Studies related to CEV are few, making each more valuable, some topics that I have not had time to cover, but would like to suggest to prospective researchers are:

Solvability of remaining problems

Historical perspectives on problems

Likelihood of solving problems before 2050

How humans have dealt with unsolvable problems in the past

[-]diegocaleiro13y130

Vote up here if you would like Troubles With CEV not upgraded to Main. Comment below for Karma Balance.

[This comment is no longer endorsed by its author]Reply

[+]diegocaleiro13y-130

[-]torekp13y00

Please clarify argument 6c. I'd be interested in your response to this Nick Bostrom paper.

[-]diegocaleiro13y00

As you can see here I've had more than my fair share of philosophy readings for this life. Besides, Bostrom himself advises that you read his newer stuff.

To clarify: In an unknown language; Think that six words in a row can mean anything. 20 words with two repetitions, almost anything. 2000 words with 400 repetitions, much less (there are fewer structures in the world that could correspond to that structure) and so on. So a whole library has very few allowable interpretations, even if in an unknown language. Some words though have a less than clear meaning. People use them meaning slightly different things, or vastly different things. 'God' is an exemplar word in that regard. Many people use it. but it still could be so many different things. If you had to pick up one thing, people would be left. If an AGI had to pick up one meaning, it would be doing the wrong thing. Instead of actually considering the reference of each separate token of the word 'god', it would misascribe the same meaning for all instances. This would increase coherence of the CEVed people, but it would not be a precise extrapolation of them.
God is a mongrel concept

This would increase coherence of the CEVed people, but it would not be a precise extrapolation of them.

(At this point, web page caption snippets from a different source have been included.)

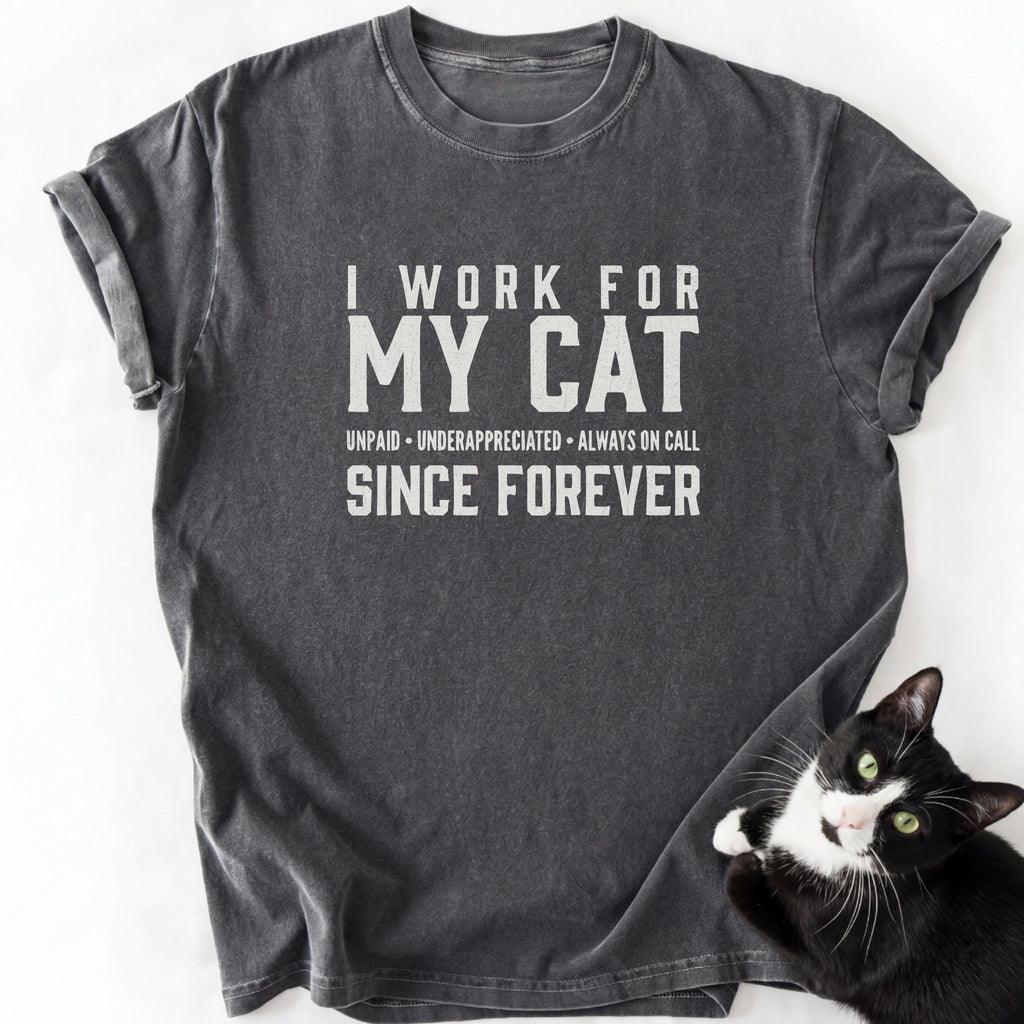 Dark gray heathered I Work For My Cat graphic tee with cat and funny quote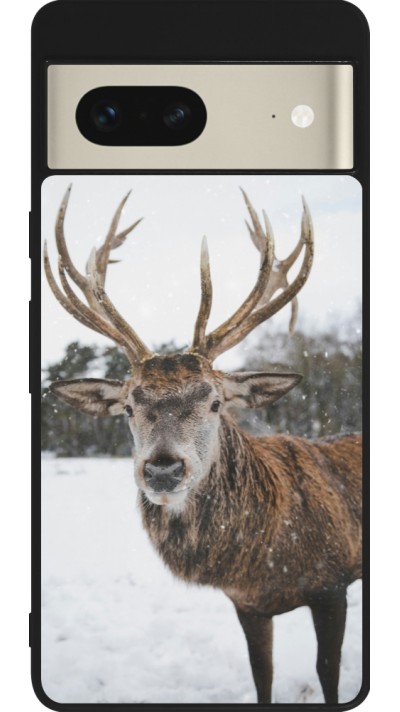 Coque Google Pixel 7 - Silicone rigide noir Winter 25 Winter reindeer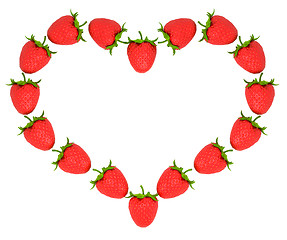 Image showing Strawberry shaped heart over white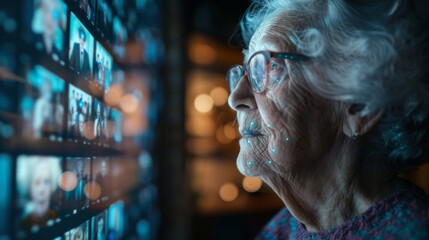 Elderly person interacting with a holographic display of cherished memories enhanced by AI technology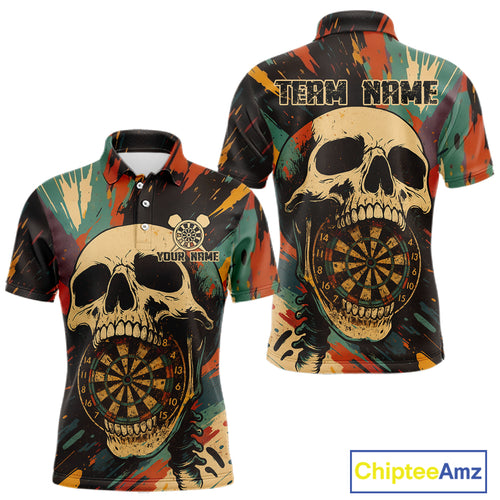 Custom Colorful Skull Grunge Polo Dart Jerseys For Men Skull Dartboard Outfits Dart Shirts NYN1325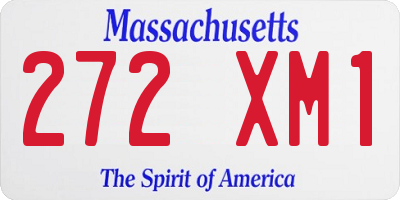 MA license plate 272XM1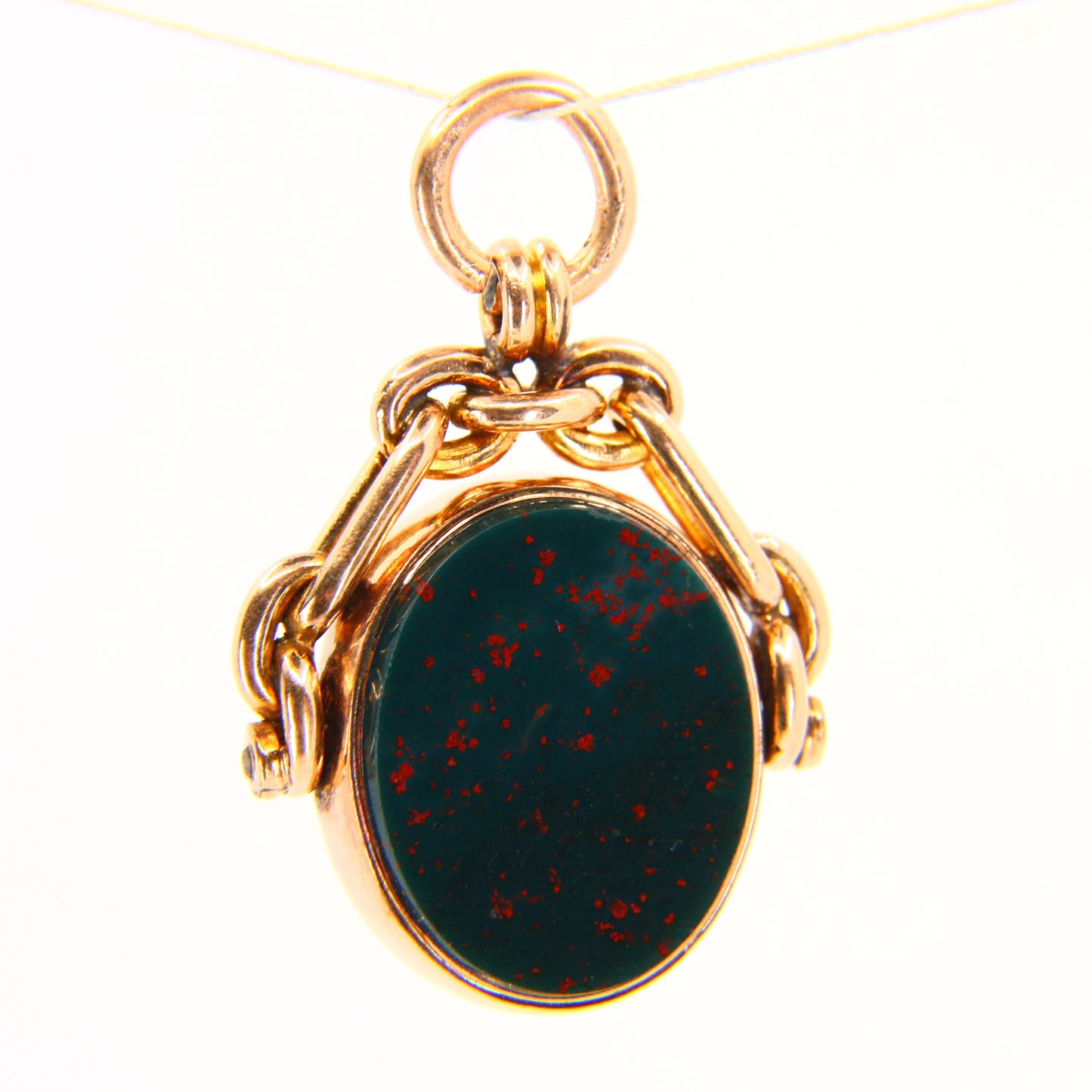 Antique 9ct Spinner Pendant Bloodstone & Carnelian 9 Carat Yellow Gold Charm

Aha, that makes more sense. But the first part might not be true, if the CEVer has a large enough database on each person. Any increase of group-wide coherence might come at the cost of a greater loss of intra-personal coherence. If my 'god' is Spinoza's and most people's is a hairy thunderer, the interpreter will make (greater) nonsense of my usage (than needs be) if it construes me as talking about the same thing.